As with all livestock, llamas and alpacas are one of nature’s many miracles – a creature that can turn habitats otherwise incapable of supporting human life, into homelands for the pastoralists who depend upon them. It is estimated that only one third of what is loosely labeled “agricultural” land is suitable for cultivation. To quote Ilse Köhler-Rollefson:
“The Food and Agriculture Organization of the United Nations (FAO) divides “agricultural land” into “arable” and “non-arable” land. Arable means cultivable with crops. Out of the world’s 4.924 billion hectares of agricultural land, only 1.407 billion ha, i.e., less than one-third, can be used for growing plant food. The remaining two-thirds are not fit for that purpose. The only option for producing food in the roughly 66% of agricultural land that are non-arable is by means of livestock. Animals can convert the native vegetation – which may be grass, but can also be sparse, thorny, and fibrous shrubs – into milk, meat, fiber and a range of other products. Livestock form the basis of the nutrition and livelihoods for an estimated one billion people in these rangelands.”
Not surprisingly, as with sheep for the Navajo, and silkworms in India and China, the wonder of a creature that can turn inedible vegetation, often in a hostile landscape, into food and clothing, has endowed alpacas with mystical status amongst the indigenous peoples of the Andes. The Alpaqueros – alpaca farmers – of the Andes “don’t divide man and animals, our animals also have feelings”. To them, alpacas are children, siblings, parents, and to them, we are the guilty party: “the western world taught us to separate the elements of nature, when it is a matter of seeing the ecosystem as a unified whole”.
Earlier this year, I took a closer look at sustainable fashion’s most reviled fiber – silk. In a series of 3 articles, I examined the double standards and blatant misinformation that are used by the industry – from Initiatives of good intent, like Good on You, to brands registering billions of dollars in annual sales, like Gucci – to characterize silk as cruel and environmentally harmful.
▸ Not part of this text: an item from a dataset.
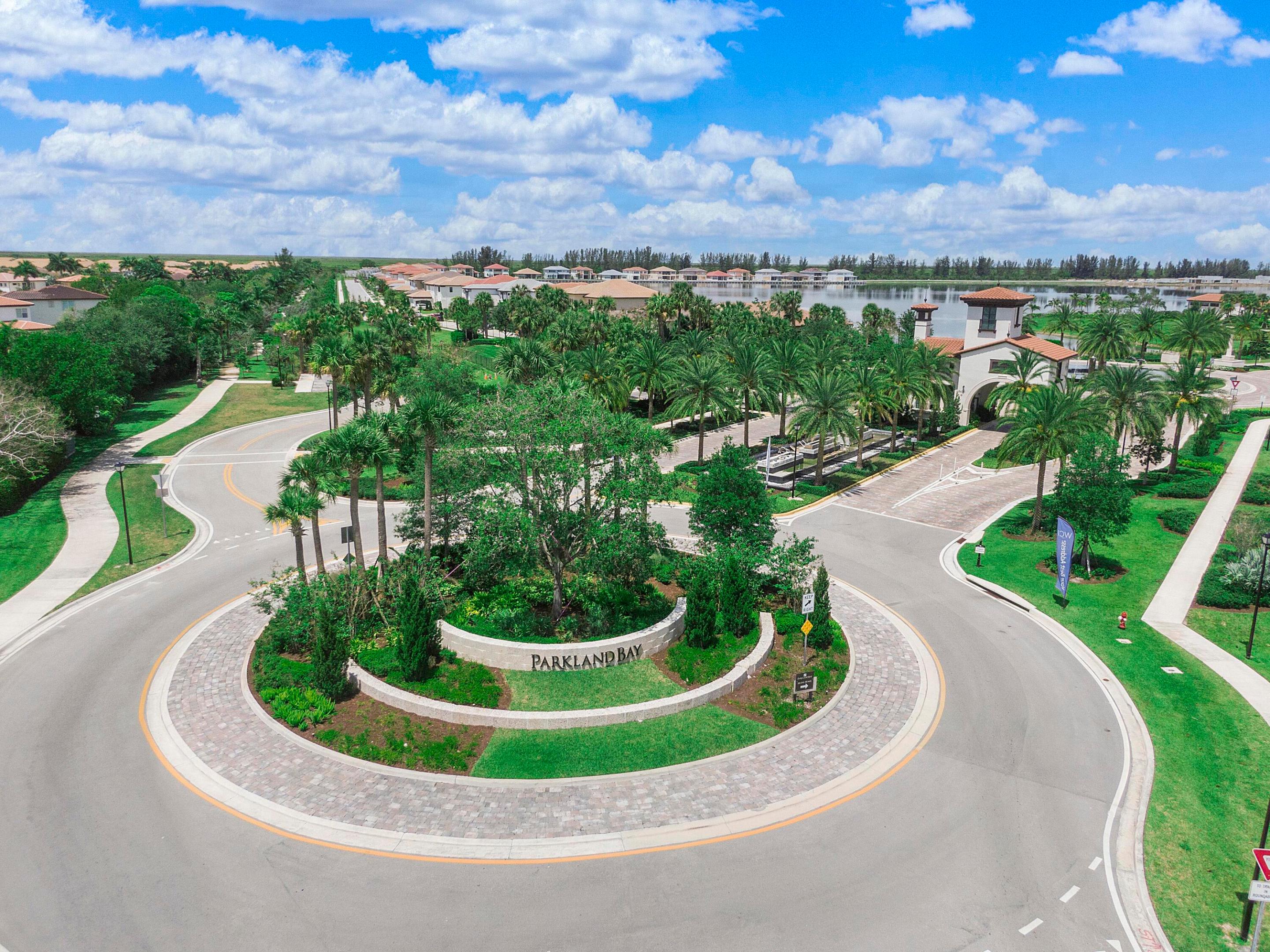 PARKLAND BAY - Residential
In the name of sustainability, fashion promotes the substitution of cheaper, particularly plastic, fibers, which enhances the bottom lines of some of the world’s wealthiest and further impoverishes some of the planet’s most disadvantaged.
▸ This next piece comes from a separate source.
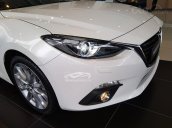 Bán Mazda 3 2.0 Facelift màu trắng, sản xuất 2019, mới 100% xe trúng thưởng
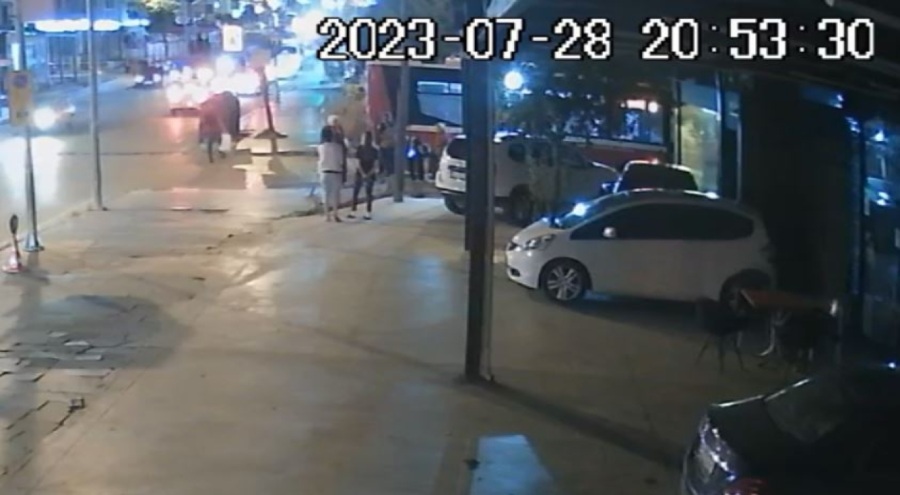 Kaldırımda unutulan telefonu alıp uzaklaştı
The second most vilified fiber and fabric in the sustainable apparel lexicon is alpaca. So, in another series of 3 sequential pieces I am going to look at alpaca – is alpaca farming cruel? Are alpacas environmentally harmful? Who benefits from alpaca production? And since fashion is business, is alpaca fiber expensive?
Per kilo of fiber, Alpaca is expensive.
The quickest and easiest question to answer is the last. Compared to cotton, polyester, or acrylic, alpaca is expensive, and the finest grades of yarn, those 18 microns or less, are very expensive indeed.
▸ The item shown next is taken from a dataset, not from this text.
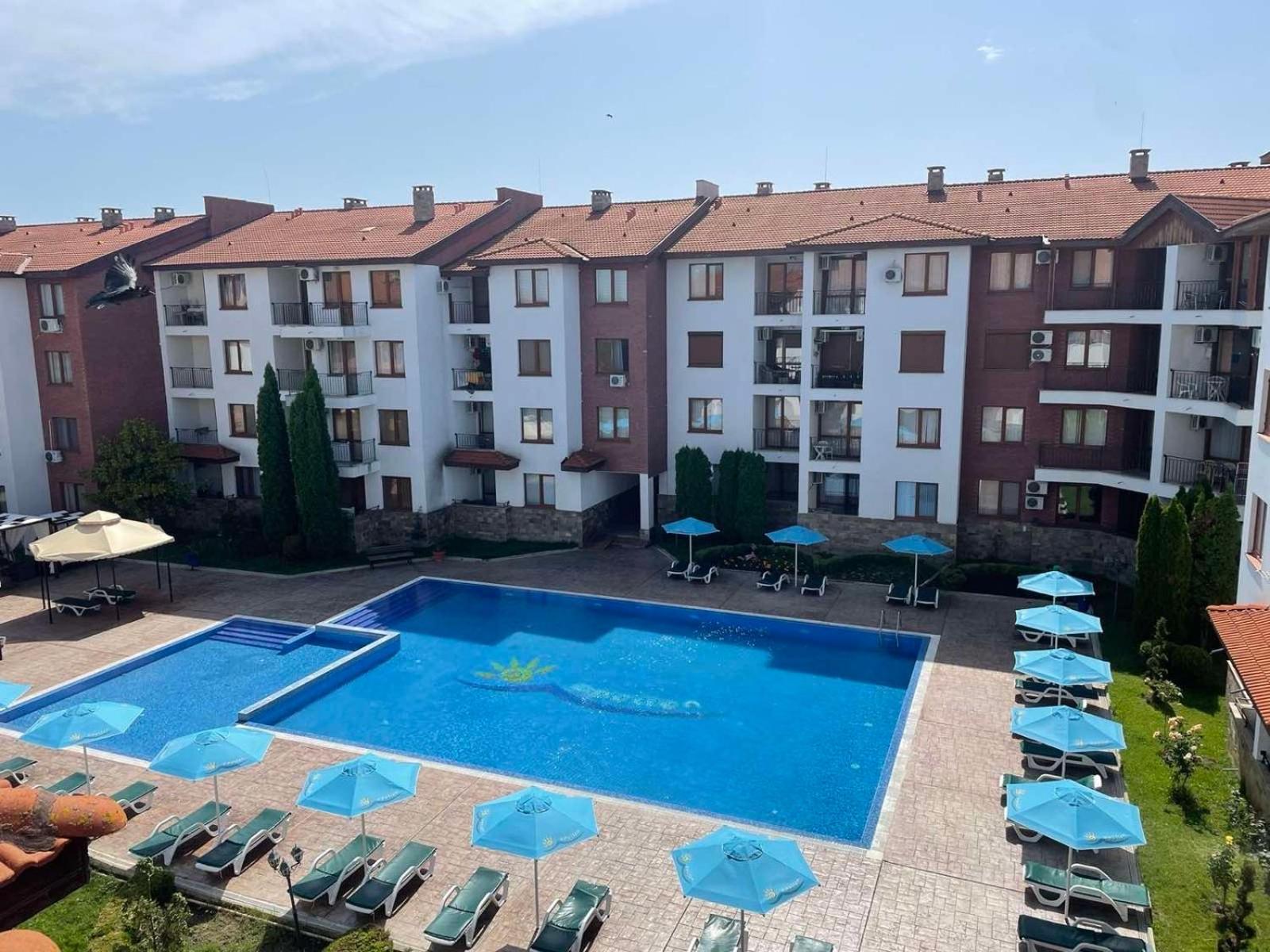 Private Apartments In Apolon Равда Экстерьер фото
As of January 27, 2022, the Cotlook A index (raw cotton price index) stood at US$1.36/lb. An equivalent grade of polyester staple, E. Coast China, cost US$0.54/lb, and of viscose, US$0.91/lb. The most common grade of alpaca on the other hand – white, 26 micron fiber – FOB Peru, currently costs US$11/lb. Whilst higher grade – white, 18 micron, 8.5 cm fiber length – sells for US$19.4 per pound. By the time the alpaca fiber reaches the mill gate in China, the price will of course, be higher.
As with silk then, there is considerable benefit to brands in telling consumers that alpaca is unsustainable, substituting polyester on “CSR” grounds, and selling the garments concerned at the same price as their alpaca predecessors. Equally clearly, as with silk, no brand is going to pay either initiatives or commercial data providers to demonstrate that alpaca is more sustainable. The opposite, however, obviously applies.
But Per Livelihood Generated, Alpaca Fiber is Cheap
The world’s largest producer of alpaca fiber is Peru. According to the Peruvian Institute for Statistics (INEI), there are roughly 3.6 million alpacas in Peru, spread over 46 different provinces, concentrated primarily in the regions of Puno, Arequipa, and Cusco. The INEI also estimates that in 2018, the monetary poverty incidence in those provinces averaged 35%. And 2018 was a bumper year for alpaca sales. Peruvian alpaca exports totaled a ten-year high of US$219 million. They had fallen to only US$120 million by 2020. In other words, the poorest 40% of the population in the principal alpaca producing regions in Peru are currently unlikely to be able to afford even a basic monthly basket of food, or to satisfy their minimum needs.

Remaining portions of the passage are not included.